Image-text web data:
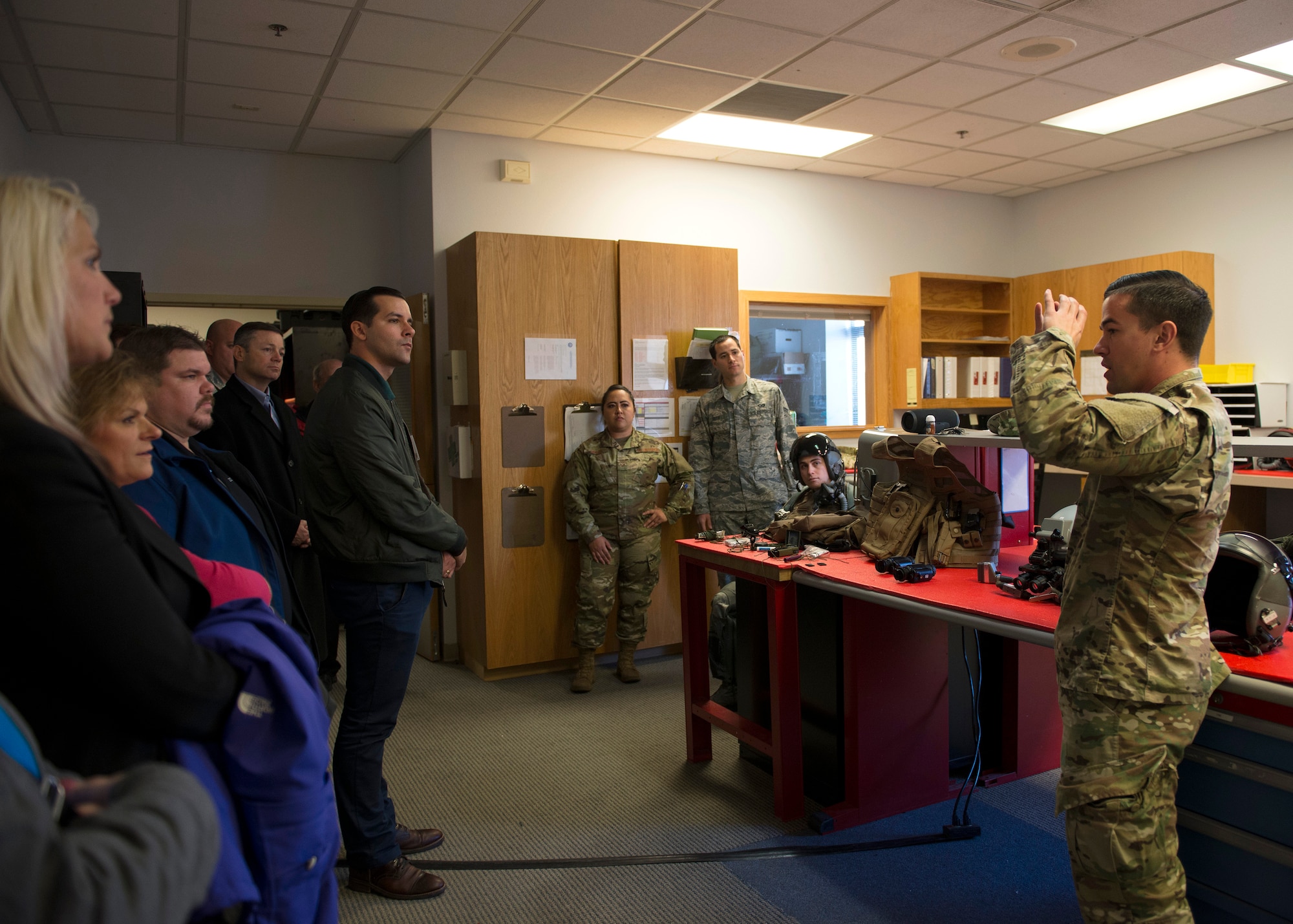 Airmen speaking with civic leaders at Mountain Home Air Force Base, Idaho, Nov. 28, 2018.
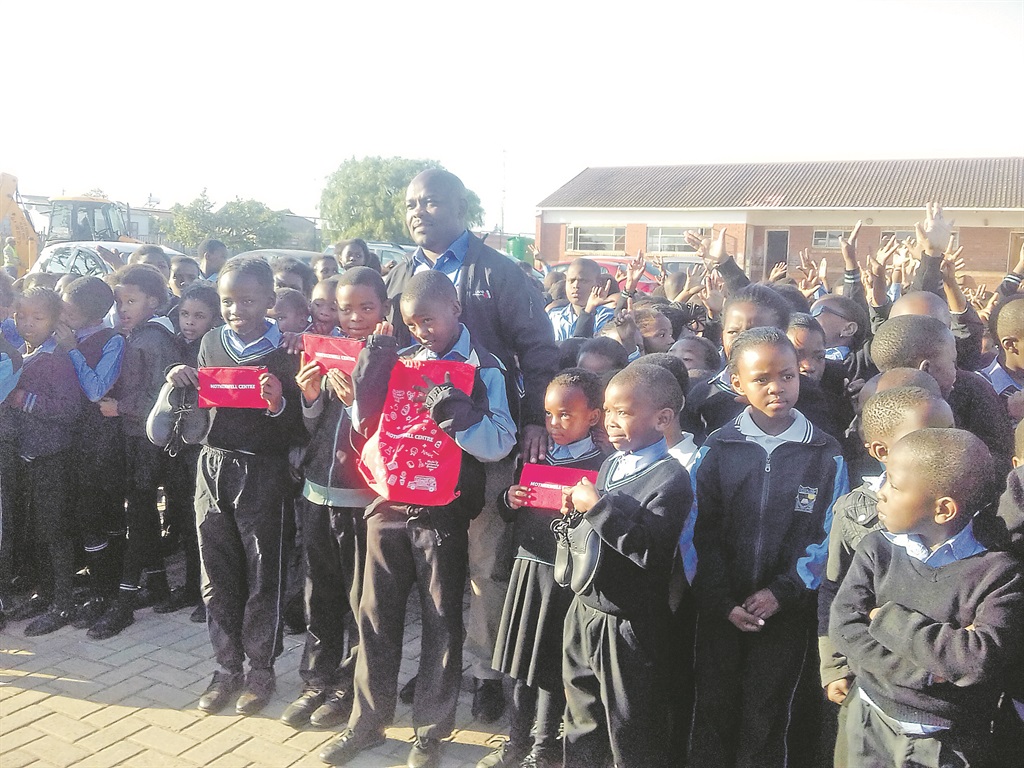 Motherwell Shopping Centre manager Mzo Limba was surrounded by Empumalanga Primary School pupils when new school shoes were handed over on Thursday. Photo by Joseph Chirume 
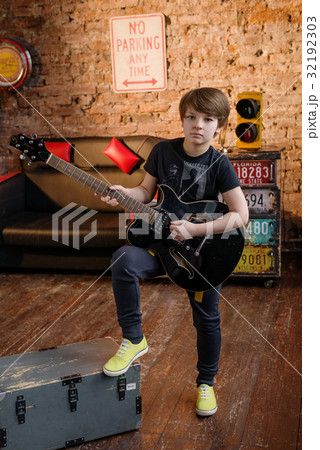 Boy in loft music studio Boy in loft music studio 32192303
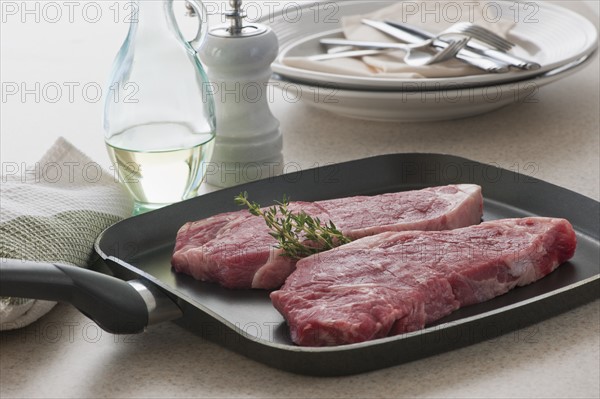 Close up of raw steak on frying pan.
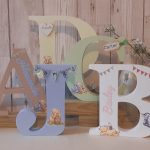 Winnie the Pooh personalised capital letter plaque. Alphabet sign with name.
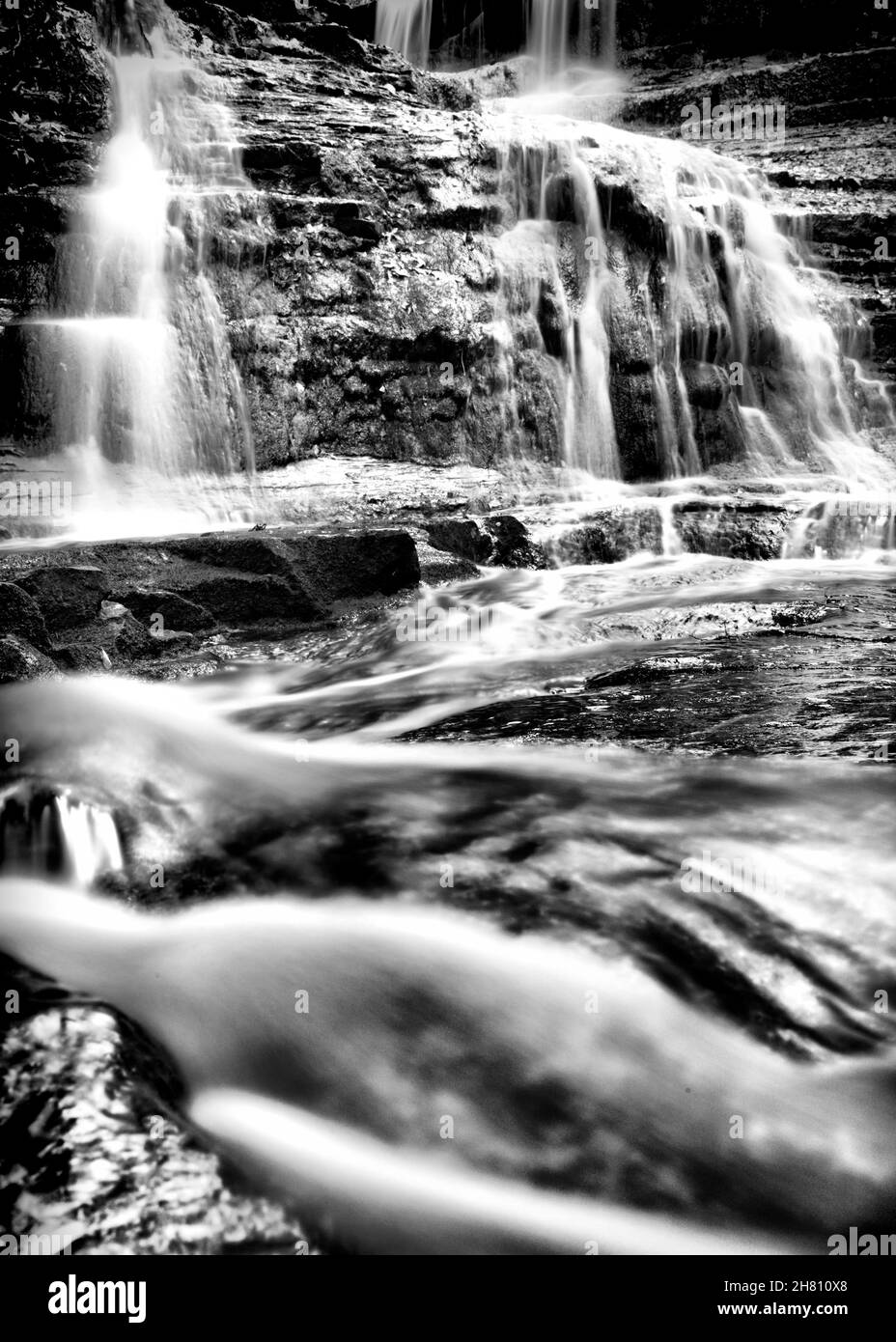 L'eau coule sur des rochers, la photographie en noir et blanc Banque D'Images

---

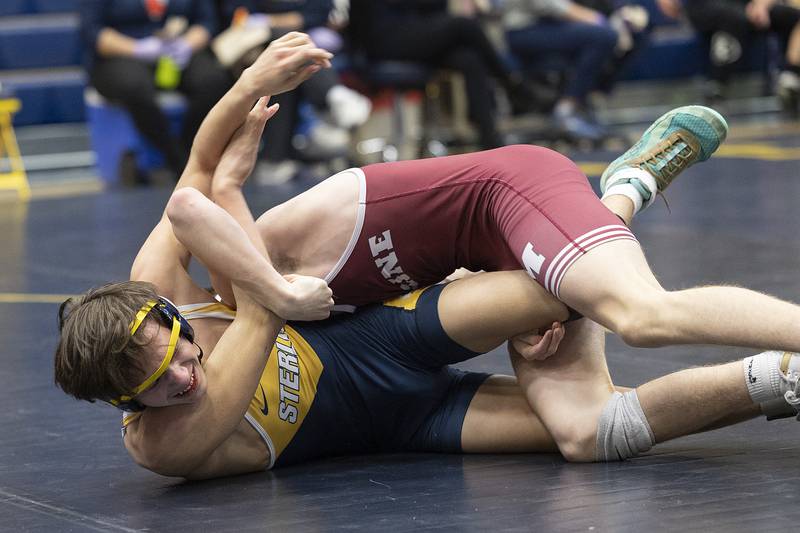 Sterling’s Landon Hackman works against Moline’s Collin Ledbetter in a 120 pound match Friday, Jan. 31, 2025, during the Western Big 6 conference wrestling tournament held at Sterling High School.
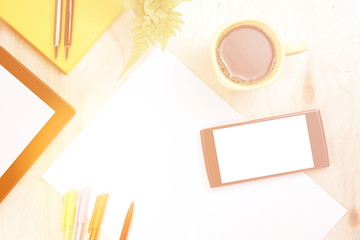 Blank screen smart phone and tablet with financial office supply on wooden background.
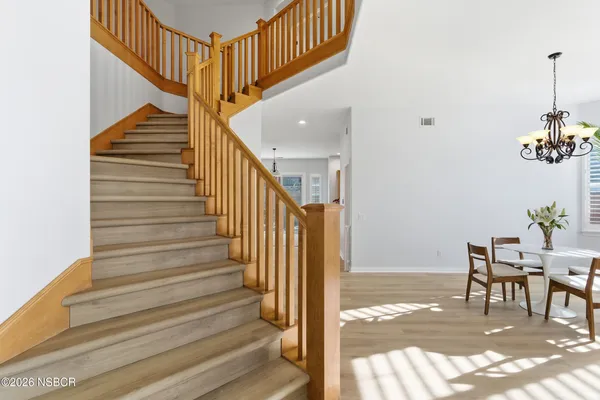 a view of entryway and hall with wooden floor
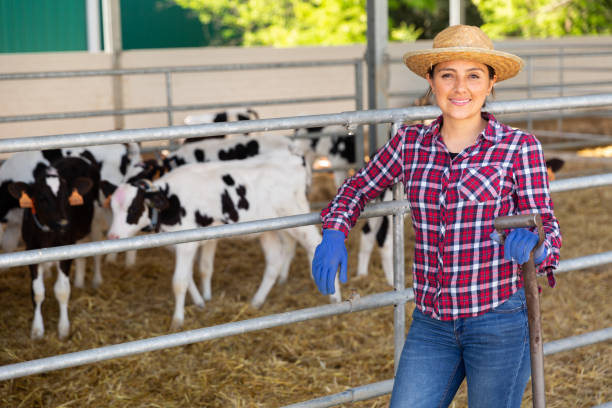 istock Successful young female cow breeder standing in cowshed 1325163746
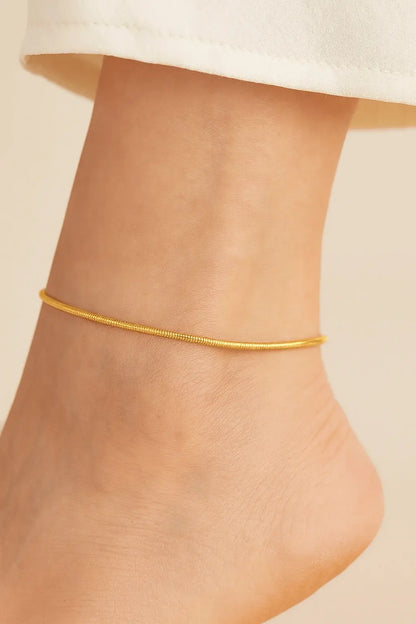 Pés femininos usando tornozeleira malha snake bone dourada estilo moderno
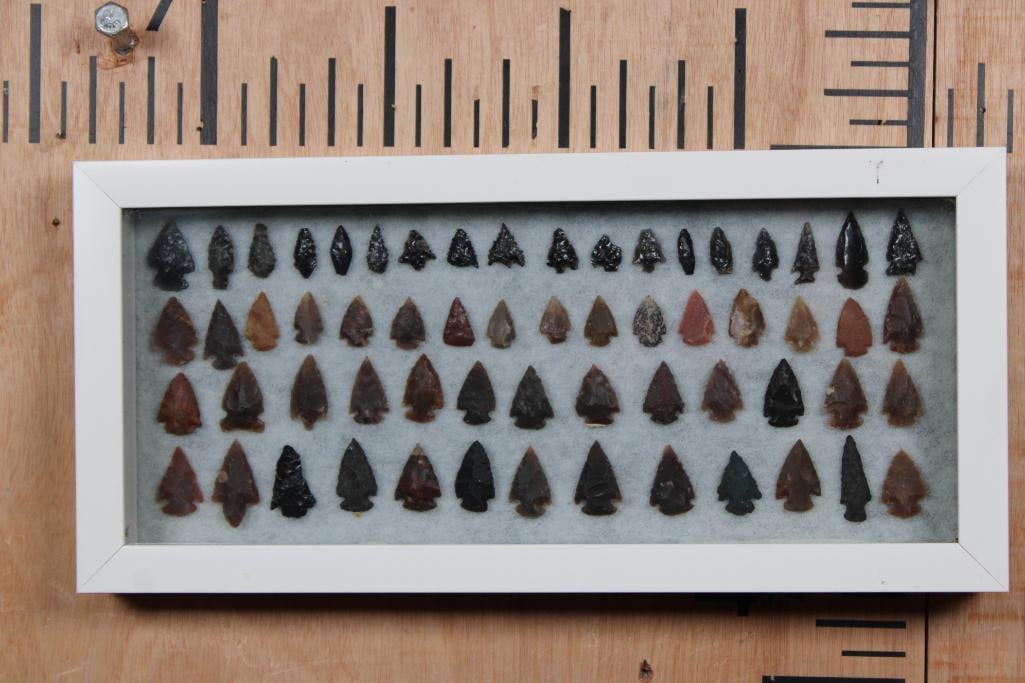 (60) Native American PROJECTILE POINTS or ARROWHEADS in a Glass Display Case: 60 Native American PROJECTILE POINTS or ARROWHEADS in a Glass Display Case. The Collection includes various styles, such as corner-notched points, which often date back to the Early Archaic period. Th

## Exercise prompt
Start at the line containing "Sterling’s Landon Hackman" above and stop at the line containing "Pés femininos usando". Output those lines exactly, both included, but none of the pictures.

## Output of the task
 Sterling’s Landon Hackman works against Moline’s Collin Ledbetter in a 120 pound match Friday, Jan. 31, 2025, during the Western Big 6 conference wrestling tournament held at Sterling High School.
 Blank screen smart phone and tablet with financial office supply on wooden background.
 a view of entryway and hall with wooden floor
 istock Successful young female cow breeder standing in cowshed 1325163746
 Pés femininos usando tornozeleira malha snake bone dourada estilo moderno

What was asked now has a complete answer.